Lancashire Police was unable to provide an estimate of the cost of the protests so far. But earlier this week Mr Grunshaw expressed concern about funding the protests by claiming “Officers keeping people safe at Preston New Road are taken from across Lancashire, spreading the blue line even thinner. It is a burden being born by Lancashire taxpayers that is unfair and unjust.”

On Wednesday, he visited the protests on the side of Preston New Road, a main route into Blackpool with a 50-mile-an-hour speed limit. He spoke to people , some of whom have been opposing Cuadrilla’s operation since work began on 5 January 2017. Grunshaw said “Policing a protest on such a busy road is demanding and fraught with risk and is drawing on our available resources at a time when we are already stretched. Our officers are policing in very difficult circumstances striking a balance between the right to peaceful protest and the right for people to go about their daily business. It is a difficult and pressured and environment and I have seen for myself the pressure they are under. Today I’ve written to business secretary Sajid Javid highlighting the pressures we are facing in Lancashire having to police protests in Preston New Road as a result of the test fracking sites”.

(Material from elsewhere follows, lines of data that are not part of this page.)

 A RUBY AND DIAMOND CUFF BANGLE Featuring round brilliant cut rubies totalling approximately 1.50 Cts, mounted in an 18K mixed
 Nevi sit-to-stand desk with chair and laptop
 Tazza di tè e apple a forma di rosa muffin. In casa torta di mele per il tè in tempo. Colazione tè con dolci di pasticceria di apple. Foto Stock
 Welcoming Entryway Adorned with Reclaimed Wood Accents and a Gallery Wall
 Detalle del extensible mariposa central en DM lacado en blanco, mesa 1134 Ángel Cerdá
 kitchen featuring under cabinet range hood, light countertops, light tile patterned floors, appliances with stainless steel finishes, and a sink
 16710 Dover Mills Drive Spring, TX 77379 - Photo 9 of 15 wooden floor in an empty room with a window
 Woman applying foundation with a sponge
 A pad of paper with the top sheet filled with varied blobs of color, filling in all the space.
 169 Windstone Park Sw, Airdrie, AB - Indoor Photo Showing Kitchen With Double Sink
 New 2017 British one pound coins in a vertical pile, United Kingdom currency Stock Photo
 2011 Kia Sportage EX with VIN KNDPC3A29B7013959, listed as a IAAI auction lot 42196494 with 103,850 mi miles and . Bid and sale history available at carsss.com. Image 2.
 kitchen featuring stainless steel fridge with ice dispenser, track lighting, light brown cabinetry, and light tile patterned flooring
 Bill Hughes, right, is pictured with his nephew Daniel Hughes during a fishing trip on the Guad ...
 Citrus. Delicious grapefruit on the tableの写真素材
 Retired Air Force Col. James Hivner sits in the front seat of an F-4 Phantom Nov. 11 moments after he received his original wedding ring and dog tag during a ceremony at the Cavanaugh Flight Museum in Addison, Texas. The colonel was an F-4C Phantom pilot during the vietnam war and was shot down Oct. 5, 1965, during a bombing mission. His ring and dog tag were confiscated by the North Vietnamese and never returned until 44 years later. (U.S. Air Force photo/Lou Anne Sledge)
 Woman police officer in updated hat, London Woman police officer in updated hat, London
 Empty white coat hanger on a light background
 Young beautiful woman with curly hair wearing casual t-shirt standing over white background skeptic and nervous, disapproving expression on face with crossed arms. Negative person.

Miranda Cox who protested at the site said “I have seen the [police] tactics change and the presence grow. What I have witnessed, it frightens me. I am being hardened. I want to warn you that what is happening here is detrimental to the long-term future relationship between the people of Lancashire, the people of Fylde, and your police force because that trust is being eroded. I am of the generation that was told if you’ve got a problem, get a policeman”. And she added “I think this [Grunshaw] statement does not address the way we are being policed. His statement is about resources. It’s a very valid question and one we are also concerned about. However, I’m really concerned that the police methods are still not being addressed”.

Meanwhile INEOS has increased its onshore exploration licence area in the UK to more than 1.2m acres. A statement from the company said it had completed its acquisition of all the Petroleum Exploration and Development Licences (PEDLs) held by Engie E&P UK.

Under the deal, INEOS Upstream gained interests in 15 PEDL licences in Cheshire, the East Midlands and Yorkshire. INEOS already had a stake in seven of the PEDLs and now has a majority interest in five. All the licences are held in partnership with either IGas or Cuadrilla.